For all of our "smaller" breads we've been having a lot of luck with ChebeAll Purpose Mix. We order the no-frills pack and it lasts us 3-4 months of fairly heavy use (about 3-5 batches a week). The recipe on the bag is a good place to start so I'll list that here.

1 1/2 Cups of Mix
2 Tbsp Oil
2 Eggs
5 Tbsp of Milk or Water

Directions: I generally mix the wet ingredients in a stand mixer and then add the dry.

The mix will very likely (unless it's REALLY humid) be crumbly and dry and won't quite come together. Add just enough milk or water that the mix comes together into a ball. Too much and it will be sticky, too little and it won't hold together.

Notes: If you want something a little fluffier add a 1 tsp of baking soda. Whether you use milk or water depends on the consistency of the bread you want to finish with. Water tends to be "flatter" in texture and taste.

Variations and Cooking:

Bread Sticks: Divide into eight pieces. Roll each piece in your hands to make snakes about 6 inches long. Bake at 375° for 7 minutes, turn over each and bake for another 7 minutes.

Cheesy Bread Sticks: As above, but instead of "round" sticks, flatten each bread stick with your thumb before baking. While baking the second time, in a microwave melt a little butter or margarine (I find margarine for 6 seconds JUST melts). Add garlic powder to the butter and blend. Brush liberally over the bread sticks. Sprinkle Parmesan cheese liberally over the bread sticks.

Dinner Rolls: Divide into eight pieces. Roll each piece in your palms to make slightly flattened balls. In a round cake tin evenly space the pieces around the edge, but not quite touching the edge. Bake at 375° for 15 minutes. Turn each roll over and bake for another 10-15 minutes.

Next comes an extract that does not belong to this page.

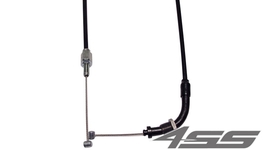 Throttle cable JMP 7312416 (Honda 17920-MEL-000) close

Cheesy Rolls: When mixing the dough for rolls add 1/4 to 1/2 cup of a shredded aged cheese like Asiago or Parmesan. Grated will work in a pinch but shredded gives a better texture. A sharp shredded cheddar works well too. Shredded Mozzarella doesn't quite work for some reason. Bake as regular rolls.

Flat Bread Wraps: While you are mixing the dough, heat a non-stick skillet over the stove top at a medium-low heat. Divide into eight pieces. Roll each piece just about as thin as you can. Your goal while rolling is to end up with something roughly 6 inches by 4 or 5. Close to square but just a bit longer than wide. Drop the rolled out piece onto the skillet. If the skillet is hot enough and non-stick enough, a moment or two after putting it on you should be able to "swirl" the pan and have the piece slide around. Just before you smell the cooked bread flip it over and cook for a little longer on the other side. I know that "Just before" is an odd measure. It will take a little bit of practice. I find if you can smell baking bread, then you've probably taken it a bit too far. You're looking for slightly browned but not crispy. We layer the wraps with paper towel and store in the fridge in a gallon sized zip lock bag.

Pigs in Blankets: You'll probably want to add the baking soda to this one... Roll out snakes like you do for bread sticks but wrap the dough around a gluten free hot dog. Bake at 375° for 10 minutes, turn over and bake another 10. The dogs tend to slide out when you're done but it works well enough. Next time I do this I'm going to try putting a strip of American Cheese (the individually wrapped sliced kind) in with the Dog to try Cheesy Dogs... It might work... but I can't vouch for it.

Other: For rolls... any leafy herb would probably work. "Italian Seasoning", Oregano, Parsley, etc. We like just cheese but the herbs are okay. For wraps it might be interesting to coordinate spices with what you plan to wrap. For example, a little chili powder for spicy foods... I'm also planning on trying to make "waffle cones" by adding some sugar or cocoa to the dough and finding some way to mold them as they bake. This is based on the flat bread getting a little crunchy / crispy when over cooked. I'm just not sure what to mold it on. Maybe just bowls...

Quick Prep: Prepare as you normally would but put the uncooked dough into the freezer. When frozen, transfer the dough into a zip lock freezer bag. At any point in the future pull out one or two rolls or sticks, and bake as normal and just add 5 to 10 minutes to baking time. We cannot recommend vacuum sealing the dough balls until already frozen it seems to make the dough "weird". Once frozen you should be fine though to vacuum seal.